The new Samsung 750 EVO is only a slightly different beast than its predecessor, the 850 EVO, but the differences are all to the good. The most salient is the speed at which it reads and writes large files. The 750 has a bit more cache, so you won’t work outside of its bounds as often—and when you do, sustained operations are a bit faster.

The icing on the cake? The 750 EVO is also less expensive than its 850 kin. The 500GB drive we tested is only $149 MSRP (and $139 on Amazon), though much of the drop has to do with the general lowering of NAND prices. The 750 EVO isn’t the cheapest SSD out there, but it was within about $15 of that distinction when this was written. And given that Samsung is very good at this SSD stuff, perhaps a slight premium is in order.

Specifications

The 750 EVO we tested is a 2.5-inch, TLC NAND-based, SATA 6Gbps SSD using the latest version of Samsung’s MGX controller. Because 3-bit TLC-NAND isn’t as fast as SLC or MLC (1-bit Single-Level/2-bit Multi-Level Cell) NAND, when written to a drive’s full capacity, three bits at at time, some portion of a drive is often used to mimic those faster NAND types. This portion of faster-acting NAND is referred to as the drive’s cache. And while it helps mitigate the potential performance lag of TLC NAND, the trade-off is that the cache reduces the amount of overall storage.

ssd750evo500gb 004 dynamic black 1 Samsung

The 750 EVO could’ve been called the 860 EVO, following Samsung’s progression from 840 to 850 to... We’re not sure why Samsung backslid on the designation.

From the appearance of the dialog during a 20GB copy (shown below in the Performance section), Samsung devoted about 7GB to 8GB worth of NAND to cache. There’s also a smaller, faster 256MB DRAM cache to speed common small-file operations.

Performance

We’ve already mentioned that the 750’s performance exceeds that of the 850, but it retains a favorite trait of the 850—smooth, consistent copying. With many TLC drives, writing outside the cache creates a noticeable dip while the drive figures out what’s going on. Not with the 850 or 750. Look below at the capture from our 20GB single-file write and marvel at the magnificent steadiness while not using the cache!

samsung 750 evo copy

Even after it exceeds the size of the cache, the 750’s performance is good for a TLC NAND-based drive. And extremely consistent.

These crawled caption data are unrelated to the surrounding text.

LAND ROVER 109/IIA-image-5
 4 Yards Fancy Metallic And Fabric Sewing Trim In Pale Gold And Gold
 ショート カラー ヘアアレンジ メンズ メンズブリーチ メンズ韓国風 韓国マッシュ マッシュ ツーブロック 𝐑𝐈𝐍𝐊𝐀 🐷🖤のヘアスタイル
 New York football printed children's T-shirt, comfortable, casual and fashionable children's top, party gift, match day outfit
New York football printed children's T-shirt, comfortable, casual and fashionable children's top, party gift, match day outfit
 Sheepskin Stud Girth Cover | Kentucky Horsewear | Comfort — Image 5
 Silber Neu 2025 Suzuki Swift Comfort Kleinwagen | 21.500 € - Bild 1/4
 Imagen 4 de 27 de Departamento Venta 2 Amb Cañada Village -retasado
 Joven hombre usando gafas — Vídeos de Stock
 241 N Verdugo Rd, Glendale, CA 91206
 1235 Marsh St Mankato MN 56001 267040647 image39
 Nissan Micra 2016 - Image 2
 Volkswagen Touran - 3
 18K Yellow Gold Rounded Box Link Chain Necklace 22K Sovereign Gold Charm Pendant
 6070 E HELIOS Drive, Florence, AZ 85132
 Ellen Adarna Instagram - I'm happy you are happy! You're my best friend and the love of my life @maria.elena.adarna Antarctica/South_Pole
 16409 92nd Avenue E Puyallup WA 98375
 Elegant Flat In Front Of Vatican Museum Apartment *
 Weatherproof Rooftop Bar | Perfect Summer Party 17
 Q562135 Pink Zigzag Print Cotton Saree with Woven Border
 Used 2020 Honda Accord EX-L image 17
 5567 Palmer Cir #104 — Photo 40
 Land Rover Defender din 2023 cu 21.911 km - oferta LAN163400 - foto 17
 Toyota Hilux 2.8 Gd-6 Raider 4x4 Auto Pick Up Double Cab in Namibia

AS SSD rated the 750 EVO as reading at 505MBps and writing at 407MBps. Of course, AS SSD writes only 10GB, so a large part of the test occurred within the cache. In our 20GB copy tests, the writing dropped off to about 310MBps and held steady there. That’s about 30MBps faster than we saw from the 850 under similar conditions—a nice improvement. While writing to the cache, we saw speeds between 400MBps and 420MBps.

750 evo 20gb

This is a somewhat unfair comparison between the EVOs and the MLC-based Kingston HyperX Savage. But note how the 750 did significantly better than the 850 in the single-file write.

750 evo 4k

There are only mild differences between the 850 and the 750 when it comes to single-queue 4K operations.

Overall, the 750’s performance falls short of a top-notch MLC or SLC SSD, but subjectively, other than those times that you’re copying large amounts of data, the differences are hardly noticeable.

RAPID!

While the 750’s native performance is better than the 850’s, and smooth as butter with no additional software, Samsung does supply its RAPID interactive (with the drive) disk cache.

RAPID is enabled via Samsung’s Magician software SSD utility, is transparent to the user, and makes the apparent speed of the drive, as well as the feel of your operating system absurdly fast. The numbers you see below bear that out.

However, when copying large groups of files, operations, while somewhat faster, become distinctly choppy as the cache is exceeded. You can readily track the interaction between the drive, cache, and normal NAND in the copy dialog seen below.

750 evo rapid seq

With the RAPID caching software installed, the 750 EVO’s everday performance is absurd—beating the pants off Samsung’s own very-fast NVMe drive. But using main memory to cache disk writes can also lead to problems if power is removed while you’re still working.

750 evo rapid 20gb

Using the RAPID caching software is still effective, if not as much so during large copy operations.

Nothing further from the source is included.